» **PROBLEM TO WORK ON**:
Print the records below word for word, but leave out the pictures.
DATASET EXTRACT Start Marker
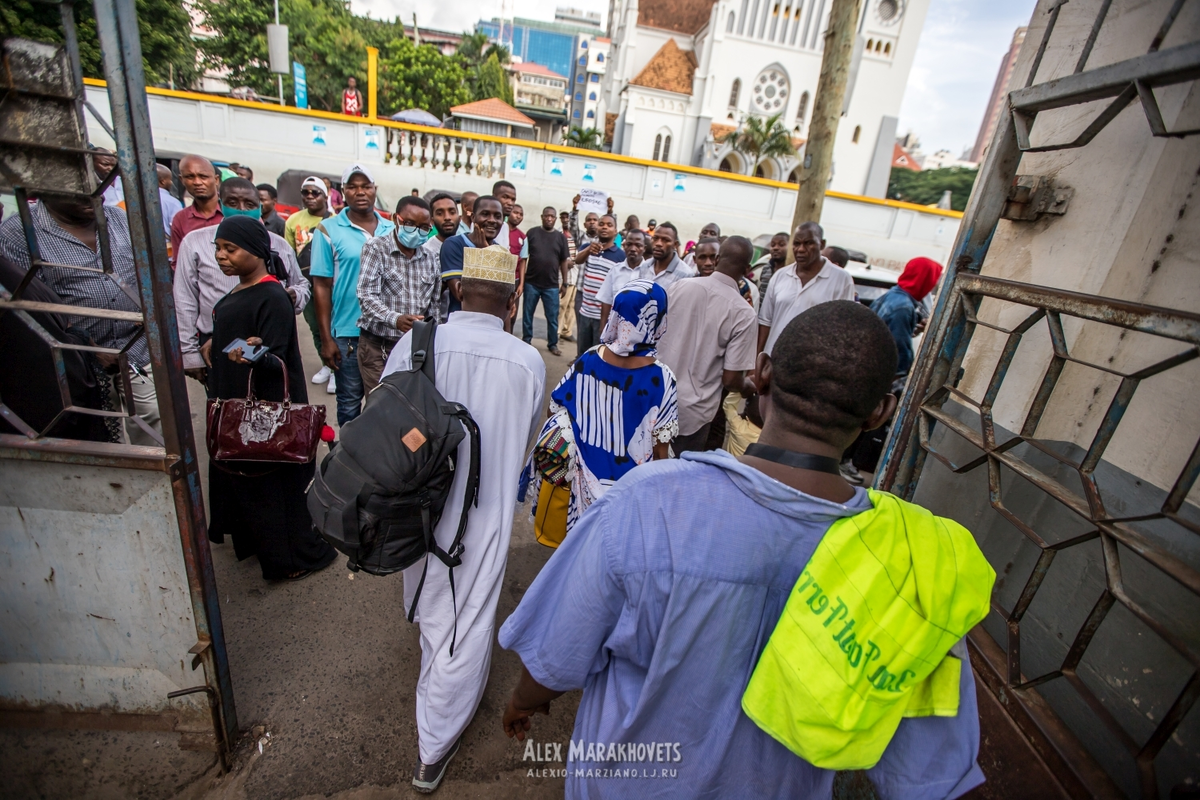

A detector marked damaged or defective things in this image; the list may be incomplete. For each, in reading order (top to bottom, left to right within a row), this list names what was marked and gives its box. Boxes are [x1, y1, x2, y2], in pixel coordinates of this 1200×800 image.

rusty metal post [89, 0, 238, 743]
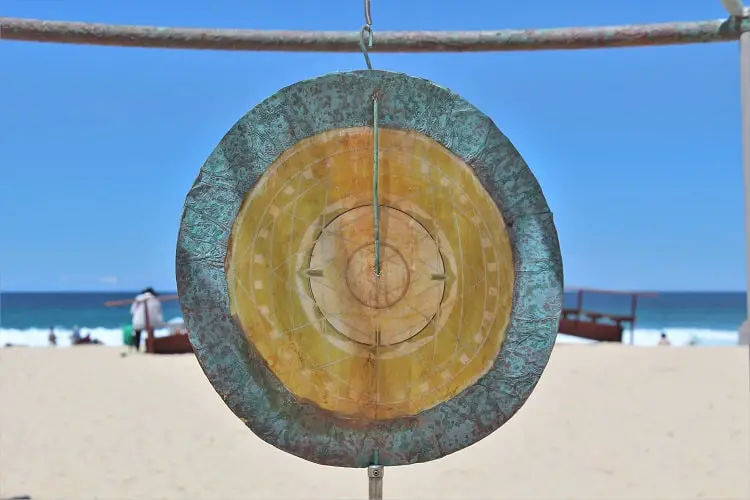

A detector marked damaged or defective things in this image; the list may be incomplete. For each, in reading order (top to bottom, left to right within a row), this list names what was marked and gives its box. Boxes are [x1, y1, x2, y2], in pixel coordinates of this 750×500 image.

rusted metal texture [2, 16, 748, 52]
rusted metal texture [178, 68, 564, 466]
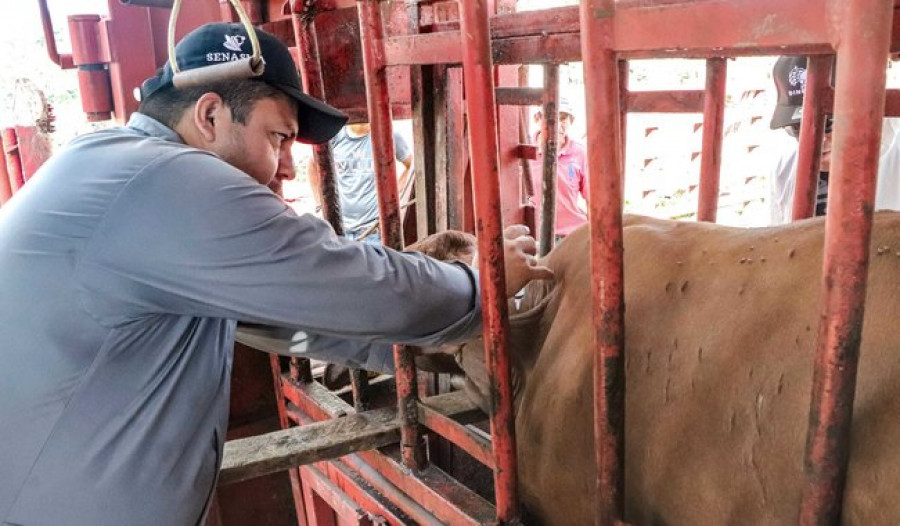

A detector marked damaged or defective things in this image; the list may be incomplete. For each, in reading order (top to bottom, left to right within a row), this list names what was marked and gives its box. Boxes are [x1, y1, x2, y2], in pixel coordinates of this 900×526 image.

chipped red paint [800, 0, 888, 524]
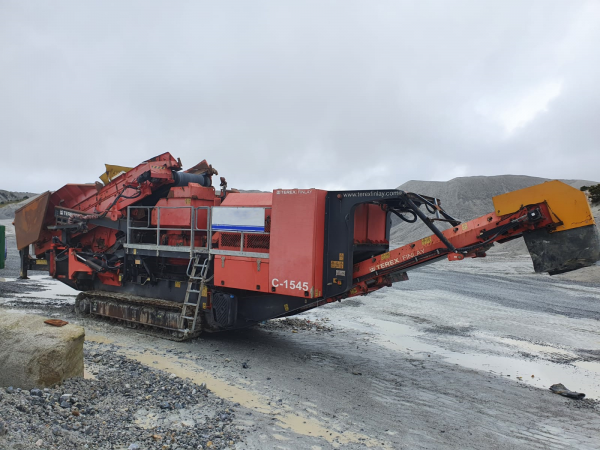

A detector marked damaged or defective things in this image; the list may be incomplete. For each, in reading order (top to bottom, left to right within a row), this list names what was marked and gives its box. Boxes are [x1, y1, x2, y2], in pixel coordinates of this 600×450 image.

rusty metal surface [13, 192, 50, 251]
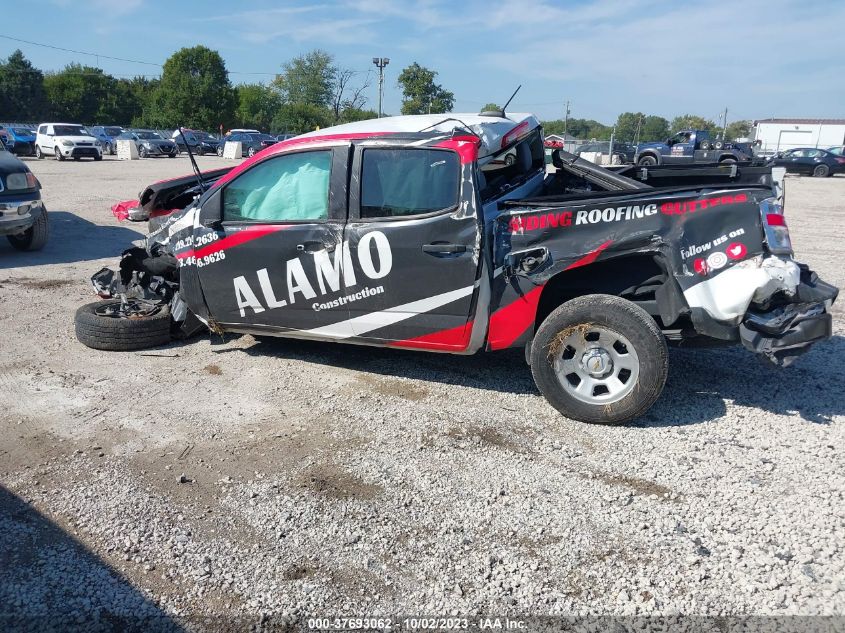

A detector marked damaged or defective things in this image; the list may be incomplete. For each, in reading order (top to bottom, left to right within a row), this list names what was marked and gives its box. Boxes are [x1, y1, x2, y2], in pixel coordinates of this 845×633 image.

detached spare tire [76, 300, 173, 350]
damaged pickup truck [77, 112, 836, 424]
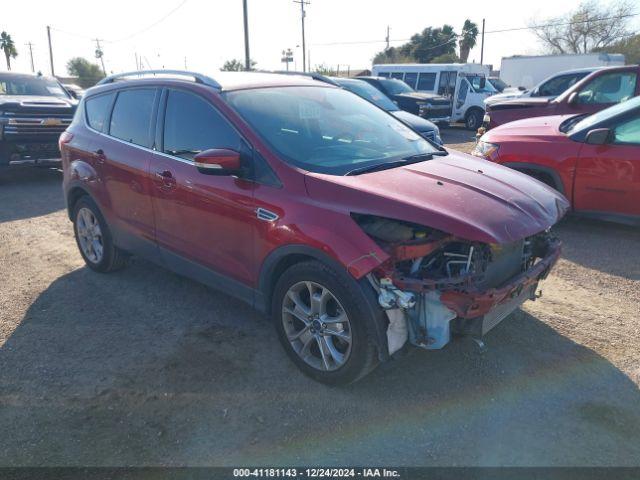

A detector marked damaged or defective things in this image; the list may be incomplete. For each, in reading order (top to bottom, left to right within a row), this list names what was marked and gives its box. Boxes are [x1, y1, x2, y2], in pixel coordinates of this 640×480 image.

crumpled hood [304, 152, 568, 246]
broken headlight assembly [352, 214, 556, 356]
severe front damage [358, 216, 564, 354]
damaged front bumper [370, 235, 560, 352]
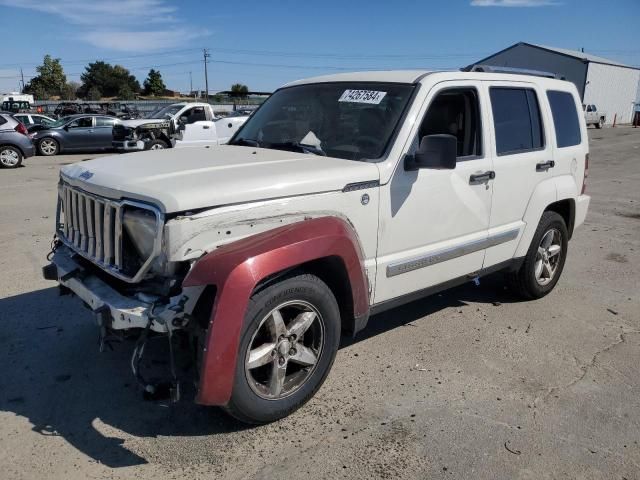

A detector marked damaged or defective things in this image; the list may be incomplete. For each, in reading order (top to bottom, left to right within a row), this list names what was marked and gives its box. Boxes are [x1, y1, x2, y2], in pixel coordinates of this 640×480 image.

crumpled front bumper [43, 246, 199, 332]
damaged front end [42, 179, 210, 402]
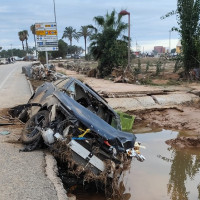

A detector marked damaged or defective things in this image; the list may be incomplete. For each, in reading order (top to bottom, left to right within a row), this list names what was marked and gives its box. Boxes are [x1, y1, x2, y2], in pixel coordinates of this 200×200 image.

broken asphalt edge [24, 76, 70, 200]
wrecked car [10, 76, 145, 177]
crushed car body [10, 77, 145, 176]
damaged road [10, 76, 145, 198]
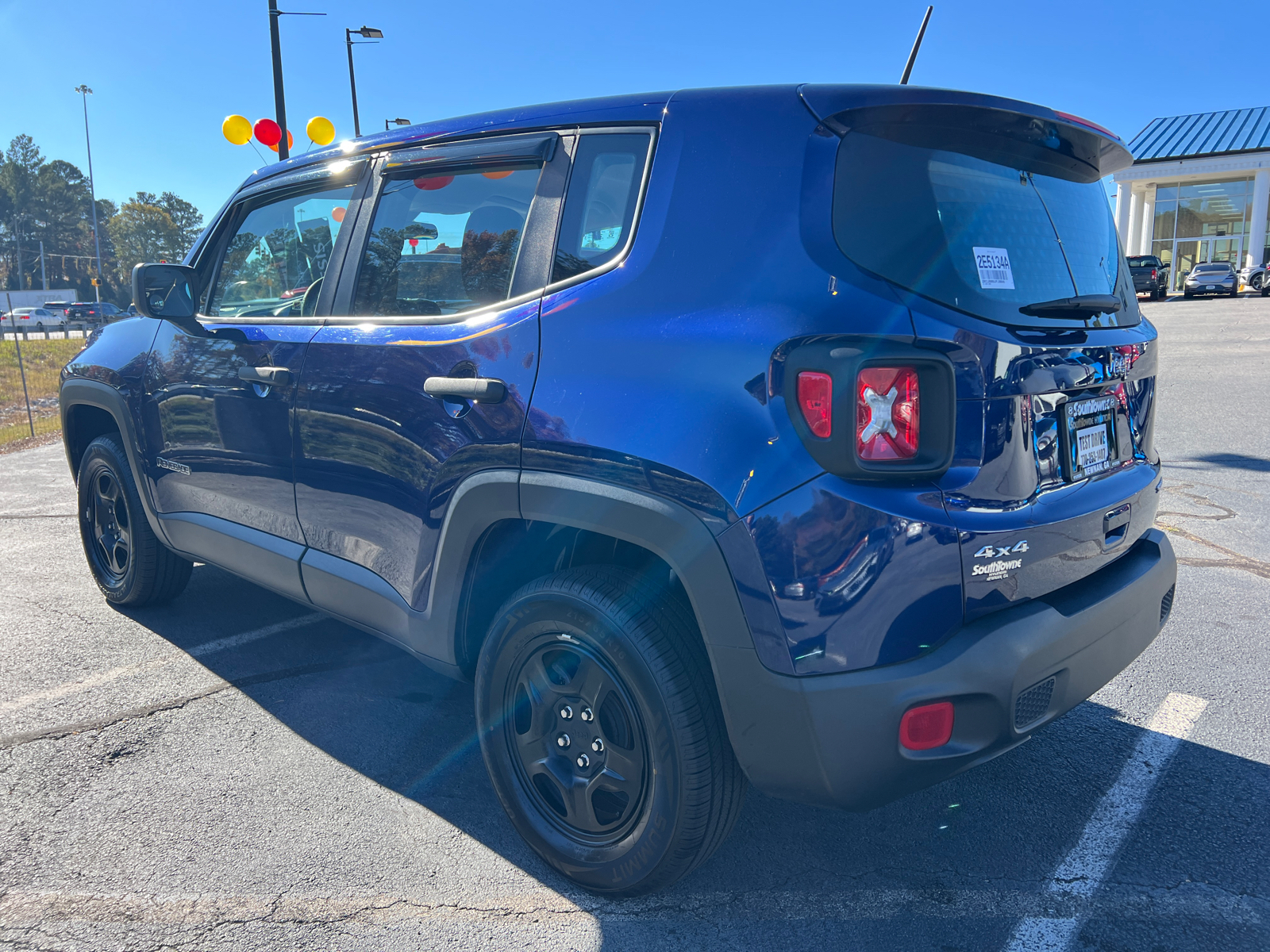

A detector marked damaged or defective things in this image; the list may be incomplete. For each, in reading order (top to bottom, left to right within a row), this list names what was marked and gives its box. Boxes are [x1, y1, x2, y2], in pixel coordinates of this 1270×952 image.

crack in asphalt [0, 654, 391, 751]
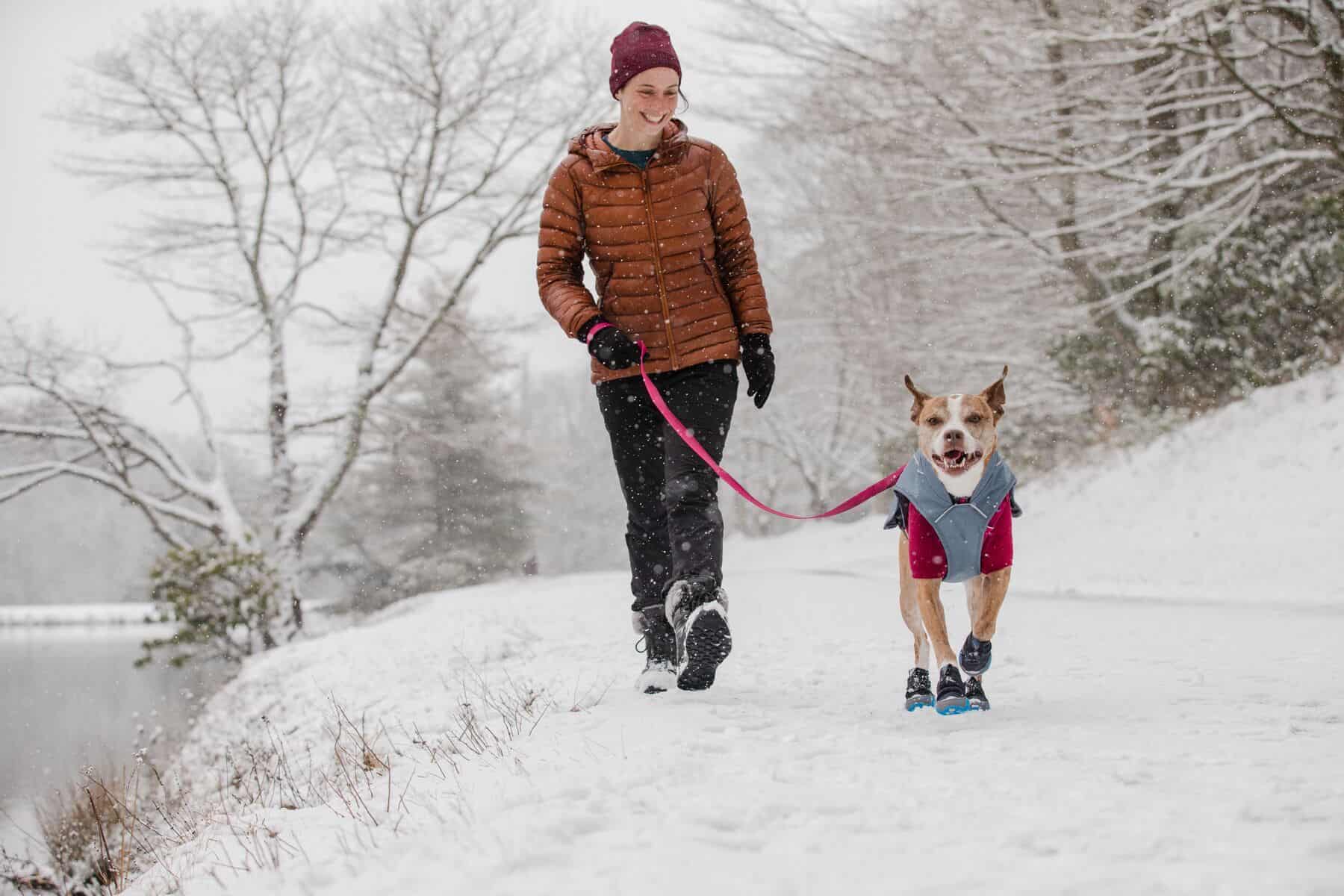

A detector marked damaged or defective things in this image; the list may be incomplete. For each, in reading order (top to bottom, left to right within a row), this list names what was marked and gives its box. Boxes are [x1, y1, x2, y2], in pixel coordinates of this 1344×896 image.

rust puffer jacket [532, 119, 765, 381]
DATASET EXTRACT End Marker
» **FINISHED EXERCISE**:
A detector marked damaged or defective things in this image; the list may be incomplete. For each, in reading order (top to bottom, left to right within a row), this list names what was marked and gives its box. Boxes are [x1, y1, x2, y2], in pixel coordinates of this 1200×800 image.

rusty metal post [89, 0, 238, 743]

A detector marked damaged or defective things in this image; the list may be incomplete. For each, in reading order (top to bottom, left to right within a row), this list names what was marked and gives its box. Boxes are [x1, y1, x2, y2], in pixel coordinates of this 750×500 image.

rusted metal texture [2, 16, 748, 52]
rusted metal texture [178, 68, 564, 466]

A detector marked damaged or defective things in this image; the list may be incomplete. For each, in reading order (top to bottom, left to right within a row), this list names what was marked and gives its box. Boxes are [x1, y1, x2, y2], in pixel coordinates of this 900×526 image.

chipped red paint [800, 0, 888, 524]

A detector marked damaged or defective things in this image; the list may be incomplete. For each, in reading order (top to bottom, left to right within a row), this list names what was marked and gives its box. Boxes are [x1, y1, x2, y2], in pixel coordinates of this 600×450 image.

rusty metal surface [13, 192, 50, 251]

A detector marked damaged or defective things in this image; the list may be incomplete. For each, in reading order (top to bottom, left to right within a row), this list names what was marked and gives its box. Boxes are [x1, y1, x2, y2], in pixel coordinates of this 845×633 image.

detached spare tire [76, 300, 173, 350]
damaged pickup truck [77, 112, 836, 424]

A detector marked damaged or defective things in this image; the list may be incomplete. For each, in reading order (top to bottom, left to right within a row), this list names what was marked and gives its box. Boxes are [x1, y1, x2, y2], in pixel coordinates of this 640×480 image.

crumpled hood [304, 152, 568, 246]
broken headlight assembly [352, 214, 556, 356]
severe front damage [358, 216, 564, 354]
damaged front bumper [370, 235, 560, 352]

A detector marked damaged or defective things in this image; the list may be incomplete. For each, in reading order (top to bottom, left to right within a row), this list names what was marked and gives its box. Boxes are [x1, y1, x2, y2], in pixel coordinates of this 640×480 image.

crumpled front bumper [43, 246, 199, 332]
damaged front end [42, 179, 210, 402]

A detector marked damaged or defective things in this image; the list may be incomplete. For each, in reading order (top to bottom, left to right within a row), this list names what was marked and gives its box. Boxes are [x1, y1, x2, y2], in pixel coordinates of this 200×200 image.

broken asphalt edge [24, 76, 70, 200]
wrecked car [10, 76, 145, 177]
crushed car body [10, 77, 145, 176]
damaged road [10, 76, 145, 198]

A detector marked damaged or defective things in this image; the list may be incomplete. For each, in reading order (top to bottom, left to right within a row), this list names what was marked and gives its box. Boxes are [x1, y1, x2, y2], in pixel coordinates of this 1270×952 image.

crack in asphalt [0, 654, 391, 751]

A detector marked damaged or defective things in this image; the list may be incomplete. For each, in reading order (top to bottom, left to right within a row), this list names what was marked and gives its box. Boxes are [x1, y1, x2, y2], in pixel coordinates of this 1344×896 image.

rust puffer jacket [532, 119, 765, 381]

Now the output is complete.